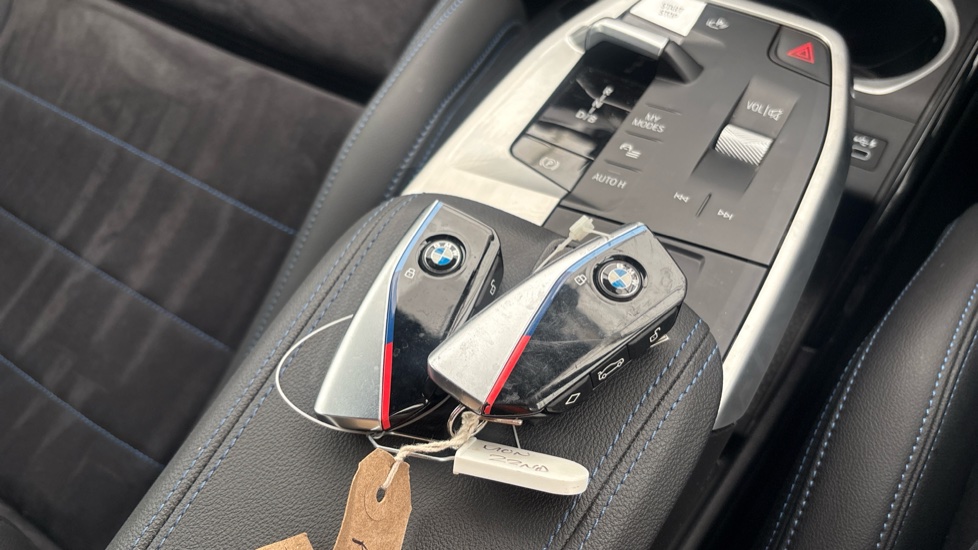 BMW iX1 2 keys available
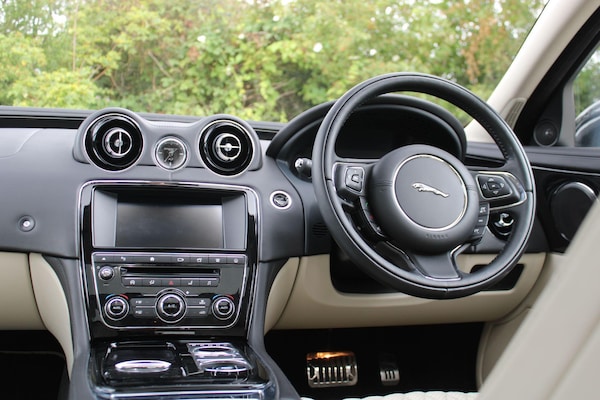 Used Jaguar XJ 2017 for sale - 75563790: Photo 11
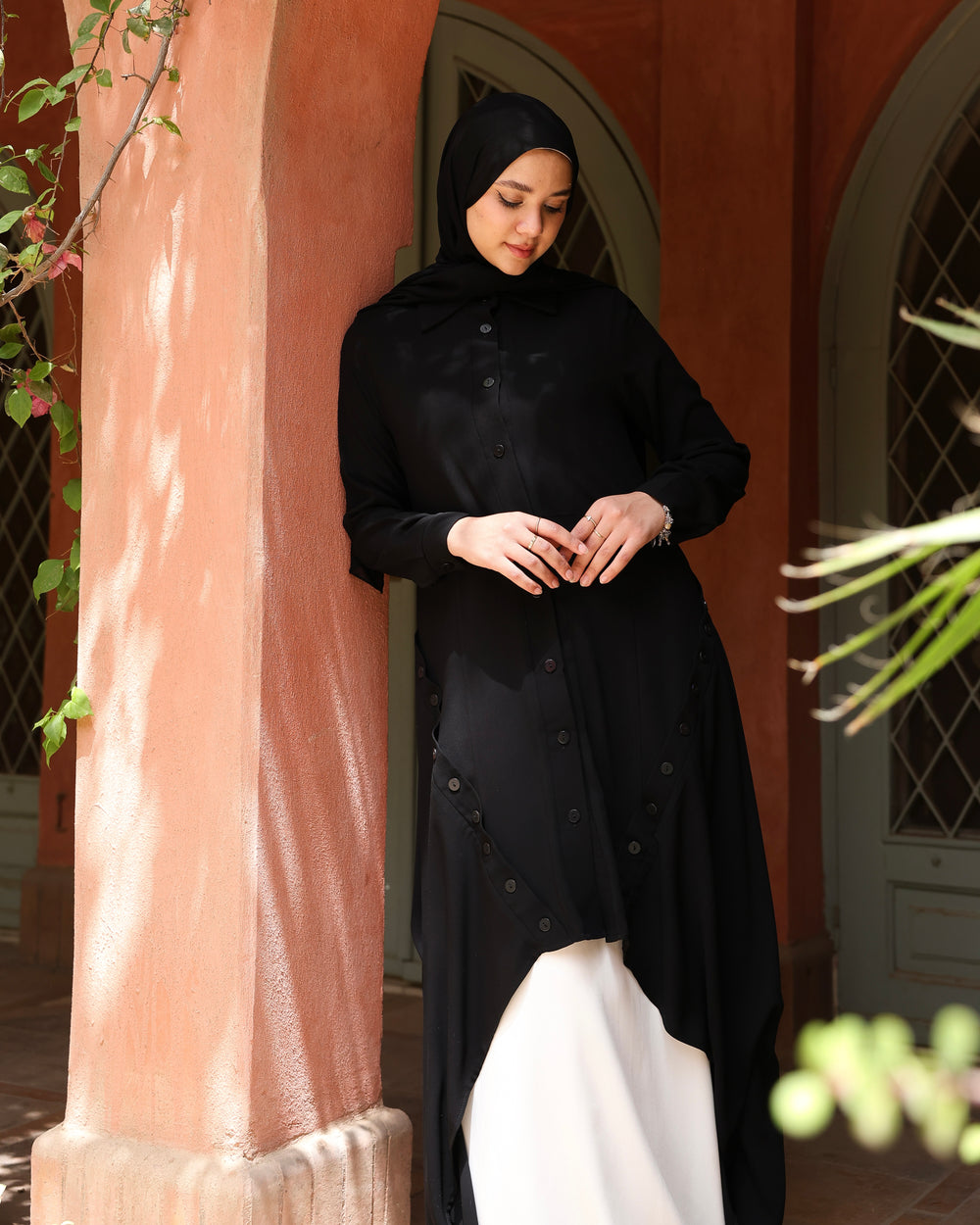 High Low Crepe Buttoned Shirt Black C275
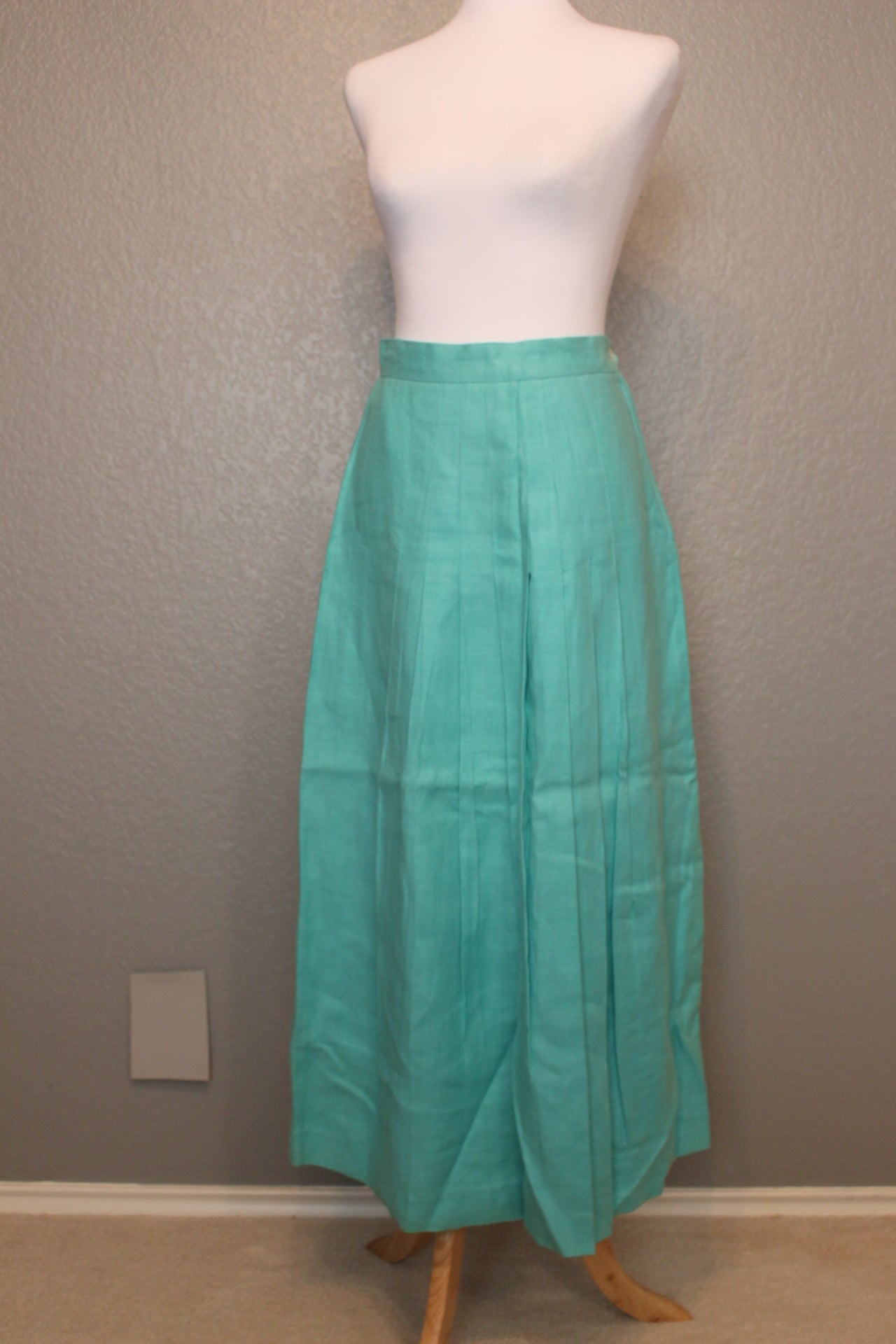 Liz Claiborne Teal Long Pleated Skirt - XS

**Task description**
Reprint the whole listing verbatim except for the pictures.

**Response to the task**
 BMW iX1 2 keys available
 Used Jaguar XJ 2017 for sale - 75563790: Photo 11
 High Low Crepe Buttoned Shirt Black C275
 Liz Claiborne Teal Long Pleated Skirt - XS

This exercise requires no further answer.